(May 22, 2009) — The following is a response to an April 15 post on The Plastics Blog, Bag ban battle comes to San Jose, Calif.
Thank you for drawing attention to an important environmental debate taking place in San Jose. The battle, as you call it, isn't black and white. Plastic bag makers agree with David Lewis, executive director of Save the Bay, that plastic bags don't belong in our rivers, bays and oceans. However, we disagree with his notion that recycling isn't part of the solution. Used bags can and should be recycled into valuable products.

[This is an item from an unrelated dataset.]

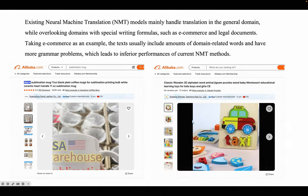Existing neural machine translation models mainly handle translation in the general domain, while overlooking domains with special writing formulas, such as e-commerce and legal documents. Taking e-commerce as an example, the texts usually include amounts of domain-related words and have more grammar problems, which leads to inferior performance of current NMT methods.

Communities across the country are rejecting taxes and bans on plastic grocery bags in favor of the three R's reduce, reuse and recycle. These are common sense, concrete steps to help keep our environment clean and litter-free. And they're working.
According to the recent National Post-Consumer Recycled Plastic Bag and Film Report, plastic film recovery (including plastic bags and product wraps) has seen an overall increase of 27 percent since 2005. The same report found that approximately 830 million pounds of post-consumer plastic bags and wraps were recovered in 2007. And we expect to see significant increases as states and localities adopt bag recycling requirements.
The few communities that have taxed or banned the use of plastic grocery bags found that their efforts to help the environment actually had the opposite effect.
Contrary to Mr. Lewis' citation, after a 2002 tax on grocery bags in Ireland, consumers actually use 10 percent more plastic bags than they did in Ireland's pretax days because they are now purchasing bags to replace those they reused after carrying their groceries, according to the Packaging and Industrial Films Association in the United Kingdom.
San Francisco's ban on plastic grocery bags caused shoppers to switch to paper bags, which, as Mr. Lewis stated, require an enormous amount of energy and millions of trees to produce. Specifically, paper bags require 70 percent more energy to manufacture, produce 50 percent more greenhouse-gas emissions and create five times more waste than plastic bags.
And ironically, a before-and-after audit in San Francisco found that litter had not decreased, which was one of the stated purposes of the city's ban.
There are simple things we can all do to make sure plastic bags end up in the recycle bin and not as litter. Bring a reusable bag when you shop. If you choose plastic bags, reuse them at home as trash can liners, to pick up after your pets or for myriad other uses. And bring back any leftover bags to the store for recycling.
There are also a number of steps we have taken as an industry to contribute to a cleaner environment, including helping to create a nationwide recycling infra¬- structure (most recently, placing over 500 recycling bins on California beaches), educating children on marine debris, supporting a new national effort to fight litter, and developing more efficient packaging, among others.
Because you offer readers a link to Mr. Lewis' commentary on the Huffington Post Web site, we feel obligated to address some of the misinformation and misrepresentations that are a part of Mr. Lewis' argument. ACC has not filed suit against communities seeking to implement policies to address plastic bags or used heavy-handed tactics. To the contrary our approach has been and continues to be constructive and proactive. We seek to partner with communities to implement effective programs that encourage consumers to reduce, reuse and recycle, and we're supporting statewide legislation that would promote the use of recycled content in plastic bags.
ACC's Progressive Bag Affiliates represents over 80 percent of plastic bag manufacturing nationwide, and is dedicated to educating consumers and lawmakers that plastic bags are fully recyclable and that plastic bag recycling is a sound option for the environment and the economy. They have no affiliation with the Save the Plastic Bag group nor has ACC been a party to litigation filed by SaveThePlasticBags.com.